On that fateful morning, I had gone to work at about eight A.M. to open a local ‘dollar shop’ chain as the store’s assistant manager. It was a job I really disliked as my functions were resetting merchandise off of random pallets and placing them on the sales floor and then doing the tedious bookwork.

However, at the time and in that economy I made pretty good money so I just soldiered through it, especially as a month prior I had lost pretty much everything I had gained over the last five years or so.

Shortly after the store opened at nine A.M., a customer had said a plane had flown into the North Tower of the World Trade Center in New York just slightly before nine.

Now at this point I should note that this was before smart phones, before everybody had instant access to news and information at their fingertips and the store itself pumped in their own radio station with uninterrupted music, which was another sore point of that job because they played little I liked besides playing David Bowie’s Golden Years Twice a day.

I recall talking to the cashier working that day and remarking that it was a terrible accident but hopefully they contained the fire. I actually recall remarking that a B-52 had flown into the Empire State Building in the 1940s so if they could get the fires out the loss of life should hopefully have been minimal and that the people on the plane were most likely vaporized.

Some time later another person came in and had told us another plane had hit the South tower and of course I knew then as many did, that regardless of cause, this was no accident.

By the time someone had said another plane had hit the Pentagon I was actually scared and unnerved. Images of the eighties film Red Dawn started to pop into my mind and I really wondered was this it, was there going to be war and were we going to be attacked again or possibly even an invasion?

Now it seems rather silly to have such thoughts but again, this was before smart phones and no one had a radio in the store. I finished my shift with thoughts that despite the recent personal issues I had faced in losing a three-year long relationship and being evicted from my former apartment a month earlier that the world had shifted, the world had certainly changed.

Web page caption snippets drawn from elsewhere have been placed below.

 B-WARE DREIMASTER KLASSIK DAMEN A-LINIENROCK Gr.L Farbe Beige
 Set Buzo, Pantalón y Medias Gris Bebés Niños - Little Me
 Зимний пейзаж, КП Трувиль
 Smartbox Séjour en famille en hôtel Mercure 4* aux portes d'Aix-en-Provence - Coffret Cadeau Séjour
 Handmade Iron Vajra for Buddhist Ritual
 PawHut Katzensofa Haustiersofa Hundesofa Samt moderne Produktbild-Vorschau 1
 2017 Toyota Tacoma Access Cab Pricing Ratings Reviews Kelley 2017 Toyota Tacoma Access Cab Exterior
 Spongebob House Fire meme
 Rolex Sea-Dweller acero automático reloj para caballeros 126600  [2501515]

This was the United States and we never had the battles on our soil.

Withing two hours the veil of being untouchable had faded like a ghost.

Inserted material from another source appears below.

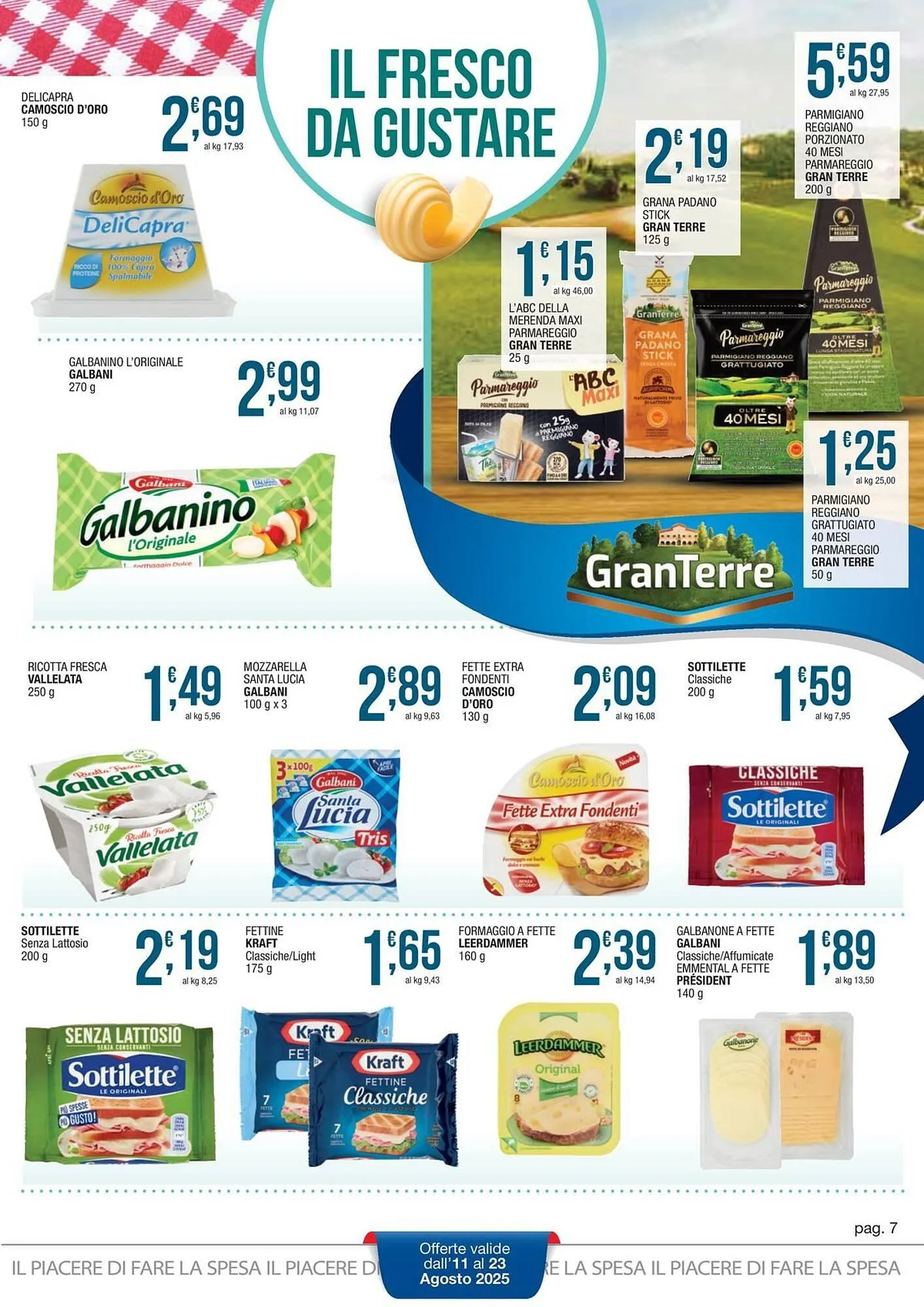 Volantino Sidis da 12 agosto a 23 agosto di 2025 - Pagina del volantino 7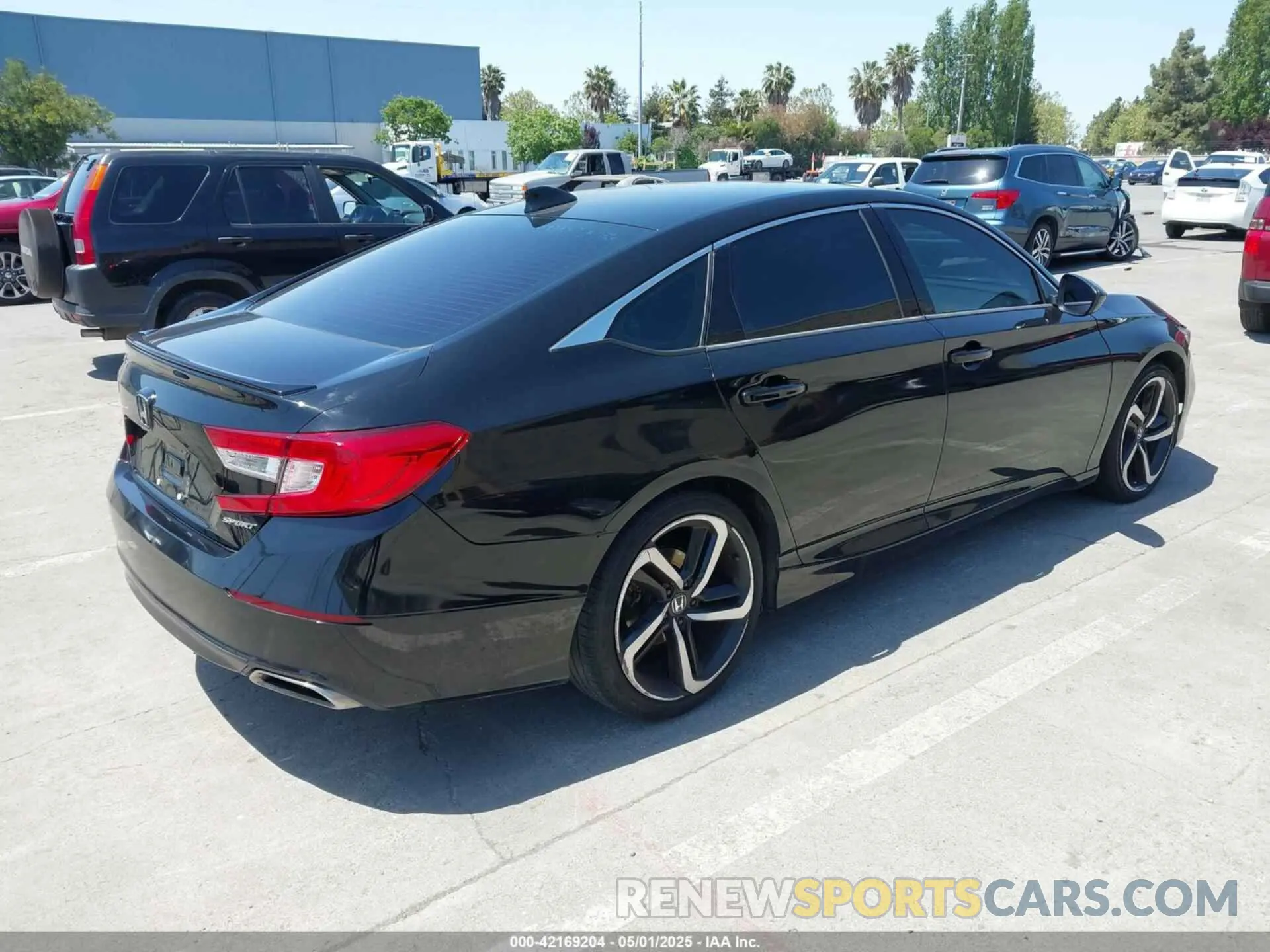 4 Photograph of a damaged car 1HGCV1F36KA079744 HONDA ACCORD 2019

Having to work till two P.M. or so that day meant I saw none of the live coverage and was still working when both towers fell. I recall going across the street from the strip mall where the dollar shop was and going into a video game store on my break.

The guy in there did have a portable radio and he relayed the information to me as we discussed the heavy thoughts of tragedy and war.

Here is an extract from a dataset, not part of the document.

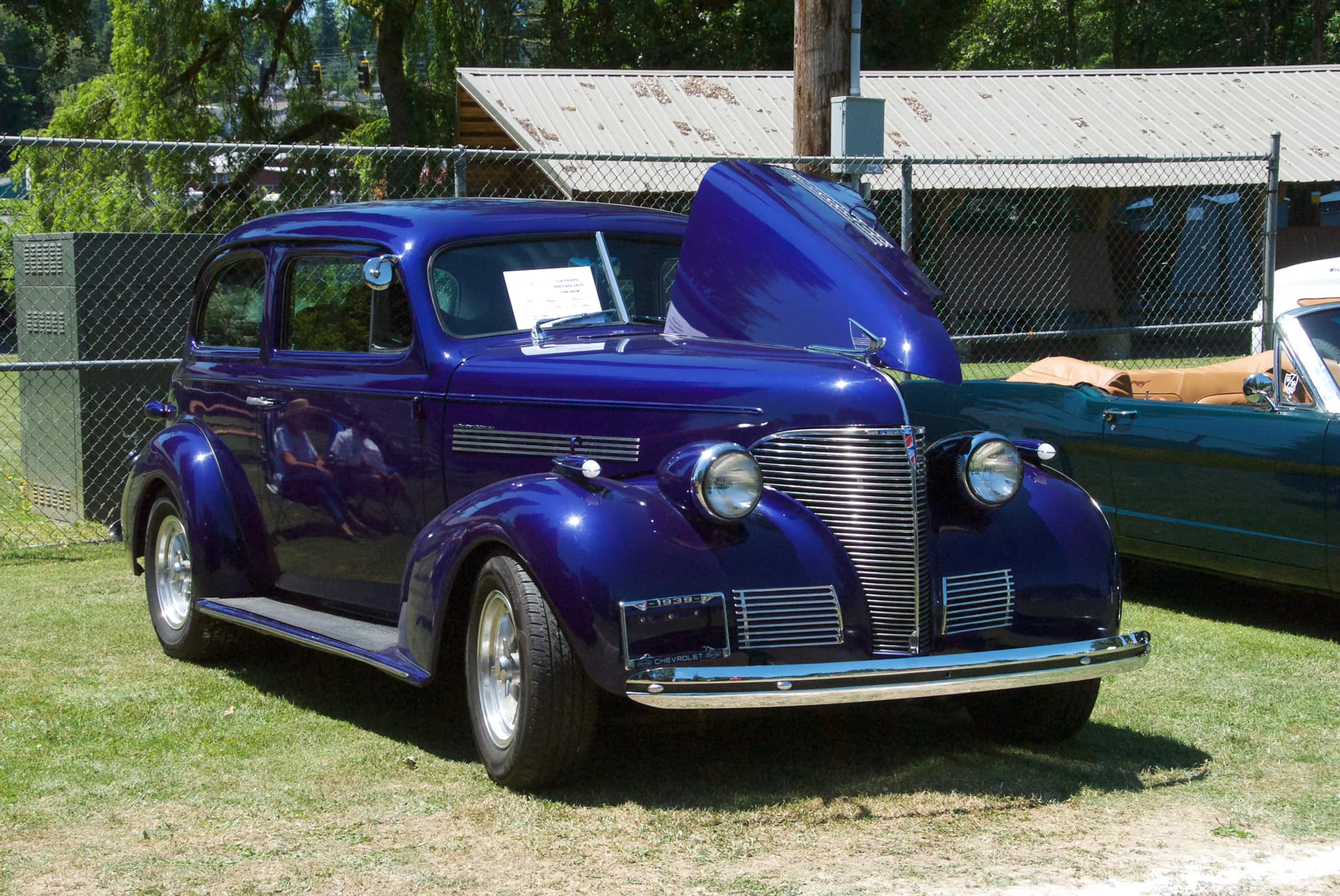 Dan's Purple Chevrolet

On the way back home I passed the local Hilton Hotel and was shocked that the American flag being flown was still at the top of the flagpole rather than half mast.

For reasons to this day I don’t recall giving much thought before I acted, I walked into the main lobby and essentially cursed the front desk clerk out, saying they had no damn respect and people had died.

Today, I realise that at the time, which as I said was recently filled with personal issues, I had a tendency to deal with everything with anger and I was just coming to grips with the idea that a great many people had needlessly died that day.

Returning home, the television  was on and the endless replays on the towers falling were on full display. This combined with all the conflicting news reports made for some harrowing viewing as the nation tried to come to terms with the attacks.

Special editions of the local papers were printed and rush de;livered at about five P.M. and being a person who usually likes to read his news rather than view it I recall buying each of the three available, sitting just outside the store on some milk crates and digesting the words and images that would become infamous from that day forward.

Where were you on that fateful morning when the world changed forever?